Exercise materials:
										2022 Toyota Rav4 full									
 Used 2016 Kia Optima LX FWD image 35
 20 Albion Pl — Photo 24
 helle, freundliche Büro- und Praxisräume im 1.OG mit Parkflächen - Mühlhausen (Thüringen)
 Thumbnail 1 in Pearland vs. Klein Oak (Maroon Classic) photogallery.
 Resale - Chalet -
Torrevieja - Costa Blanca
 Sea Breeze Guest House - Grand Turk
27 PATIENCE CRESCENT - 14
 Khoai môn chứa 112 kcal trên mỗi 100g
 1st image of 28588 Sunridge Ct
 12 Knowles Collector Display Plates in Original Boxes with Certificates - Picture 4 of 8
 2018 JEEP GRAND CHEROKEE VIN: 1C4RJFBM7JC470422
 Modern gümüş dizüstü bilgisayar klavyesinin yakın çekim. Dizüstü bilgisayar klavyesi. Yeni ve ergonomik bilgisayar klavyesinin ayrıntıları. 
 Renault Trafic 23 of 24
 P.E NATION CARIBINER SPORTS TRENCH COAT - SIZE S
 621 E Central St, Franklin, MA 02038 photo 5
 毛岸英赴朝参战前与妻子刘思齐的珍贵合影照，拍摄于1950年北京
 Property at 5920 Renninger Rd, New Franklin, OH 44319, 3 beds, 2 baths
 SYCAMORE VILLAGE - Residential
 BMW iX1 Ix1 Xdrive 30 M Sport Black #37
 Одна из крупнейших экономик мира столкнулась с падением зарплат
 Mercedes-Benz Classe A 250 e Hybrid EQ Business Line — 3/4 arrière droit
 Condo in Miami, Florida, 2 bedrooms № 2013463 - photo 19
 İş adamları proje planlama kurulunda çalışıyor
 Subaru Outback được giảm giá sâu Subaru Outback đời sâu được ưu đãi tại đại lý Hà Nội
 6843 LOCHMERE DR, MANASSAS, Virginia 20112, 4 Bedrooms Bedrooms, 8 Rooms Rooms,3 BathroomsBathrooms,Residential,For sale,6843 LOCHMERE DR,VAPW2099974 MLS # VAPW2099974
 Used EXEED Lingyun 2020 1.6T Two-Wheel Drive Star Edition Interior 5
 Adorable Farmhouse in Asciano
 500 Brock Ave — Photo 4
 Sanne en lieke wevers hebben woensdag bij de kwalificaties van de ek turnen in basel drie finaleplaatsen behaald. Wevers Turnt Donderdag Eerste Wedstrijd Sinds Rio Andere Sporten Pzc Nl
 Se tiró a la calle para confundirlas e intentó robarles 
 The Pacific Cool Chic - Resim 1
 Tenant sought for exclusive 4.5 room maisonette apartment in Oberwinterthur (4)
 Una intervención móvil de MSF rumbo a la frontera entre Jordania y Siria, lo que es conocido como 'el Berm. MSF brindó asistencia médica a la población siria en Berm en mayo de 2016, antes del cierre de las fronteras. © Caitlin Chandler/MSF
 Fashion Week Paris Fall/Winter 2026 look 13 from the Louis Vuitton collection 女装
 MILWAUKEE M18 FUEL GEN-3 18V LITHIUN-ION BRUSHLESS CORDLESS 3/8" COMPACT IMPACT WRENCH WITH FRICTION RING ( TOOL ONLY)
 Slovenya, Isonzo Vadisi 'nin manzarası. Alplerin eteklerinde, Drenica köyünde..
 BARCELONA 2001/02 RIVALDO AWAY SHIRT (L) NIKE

Work item: All that is needed is the exact run of lines above from the line containing "Одна из крупнейших" through the line containing "İş adamları proje", both of them included.

Solution for this problem:
 Одна из крупнейших экономик мира столкнулась с падением зарплат
 Mercedes-Benz Classe A 250 e Hybrid EQ Business Line — 3/4 arrière droit
 Condo in Miami, Florida, 2 bedrooms № 2013463 - photo 19
 İş adamları proje planlama kurulunda çalışıyor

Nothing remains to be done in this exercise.